# New to milking



## ReUnitePangea (Jan 26, 2011)

Hi guys Im new to the goat milking game. My 3 year old Monica gave birth to two healthy girls yesterday. 

My first question is,my assumption is you must take the babies away at some point and give them milk by hand no? At what age is good to do this and start milking the mother on a normal schedule? Or ive read about taking the goats away for part of the day and milking the other. For a first timer its pretty confusing and I just dont want to do the wrong thing. For me it would be easiest to take the babies away full time and feed by hand (we have a powdered milk formula here for goats) and keep the milk of the mother for cheese. 

I guess thats the only question I can think of right now. All opinions appreciated. 

-RUP


----------



## comingsummers (May 6, 2010)

Well it really is personal preference how you do it. I personally leave my kids with the doe just because that is easier for me. You can seperate the kids from the doe overnight starting at a couple of weeks and then just milk in the AM. Some people milk twice a day and leave enough for the kids too, but you need a pretty heavy producer for this to work. Or you can pull the kids and bottle raise. I just have to say that if you do bottle raise it seems that powdered milk replacer is NOT the way to go. I've heard way too many stories of dead or sick kids from being fed that stuff. I hope that I was of some help. I know that more experienced people will be on here soon to give you advice too. Most importantly enjoy and have fun!


----------



## ohiogoatgirl (Jan 31, 2010)

i like to leave the kids with mom for the first four days to get all the colostrum. day five mom goes to in with the rest of the milkers and babies start getting bottle fed or pan fed. still getting momma milk but you are measuring in between. "raising goats for milk and meat" by rosalee sinn. very goos book, i think its the most informative and easy to understand.
hope i helped!


----------



## liz (Oct 5, 2007)

I leave kids with moms, I don't bottlefeed and don't wish to. I separate at night once the kids are 3-4 weeks old, milk in the morning and kids have mom the rest of the day. Though my girls are mini's, I still get plenty milk for my use and the kids benefit as well.


----------



## ReUnitePangea (Jan 26, 2011)

Thanks for the info guys, I like the mention of personal preference, Im going to try separating part of the day and milking once a day and see how that works. Thanks!


----------



## lissablack (Nov 30, 2009)

Milking once a day really makes life easier. I have one that I kept doing that this year until she kicked her kids off at 6 months, I hadn't ever done that before, and I really liked the way they turned out.

Jan


----------



## nigerianmeadows (Dec 12, 2010)

Starting at two weeks we separate the kids at night and milk in the morning. Works great! We enjoy giving them a bottle in the morning, just a little since we are milking mom, but they see us as a food source and it makes even the shy kids people-friendly. Just don't use milk re-placer, as mentioned above. If you need a supplement for the does milk, you can use whole cows milk with added heavy whipping cream. I use 2 cups milk with 1/2 cup whipping cream when I have too, never canned or powdered milk sources.


----------



## Coyote Night Acres (Dec 27, 2010)

IMO the only way to go as far as milk for the kids is goat milk. It's what nature intended the kids to have. We raised a little saanen on kid milk replacer and she was behind the growing curb the whole time. So like they said above Do NOT Use Milk Replacer unless it's a life or death thing. We had no way to get goats milk and she was our 2nd goat ever and 1st bottle baby, so we didn't know at the time that it was so bad. Well the stuff smells like vanilla, how can that be close to milk. Yes they didn't die, but they didn't reach their full growth either. 

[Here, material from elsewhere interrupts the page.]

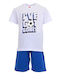 Joyce Kids Set with Shorts Summer 2pcs White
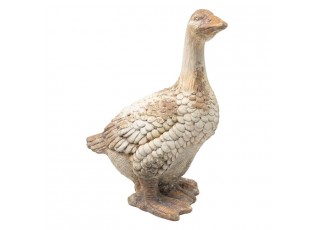 Béžová antik dekorace husa - 35*23*51 cm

We are going to do the share with mom and milk once a day routine with ours this year. Good luck and welcome to Milking you'll either love it or hate it. LOL


----------



## black-smith (Jan 20, 2011)

Hey, I'm new on here but have had goats for many many years!
Bottle raising Kids is a full time job! (I start by feeding 4 times daily for the first week, then 3 times, and finally down to twice daily)
If you want to separate them at birth, make sure to give the kids the first 24 hours of milk straight from mom, because they need the colostrum.
Also, if you're bottle raising, mom's milk is by far the best. It will be the healthiest for the kids, and I've found doesn't cause nearly as many problems.
If you want the Doe's milk right away, maybe try leaving the kids with her, but milking her once a day. This will encourage her milk production, and keep her udder even.
I like to leave the kids with mom all day, and separate them at night. (Make sure to milk the doe out completely at night if you do this.)
Eventually the Kids will start eating more hay, and drinking less milk...
At this time I let the kids in with mom all the time, and just milk her out morning and night. Soon the kids can be weaned, and mom continues to be milked twice a day.
Hope you found some helpful tips, 

Good luck!!


----------



## farmer22 (Feb 4, 2011)

I am new to this and in no way ready to start breeding, but this post has been extremely helpful for me. I am going to bookmark it to reference and come back to it. Hope everything worked out okay for you and that you were able to get some info. I know that I have.


----------



## ReUnitePangea (Jan 26, 2011)

Glad you got something out o it too farmer22. I started building my milking stand today but ran out of sun, Im going to put some of these ideas into practice and see what works best, thanks everyone!


----------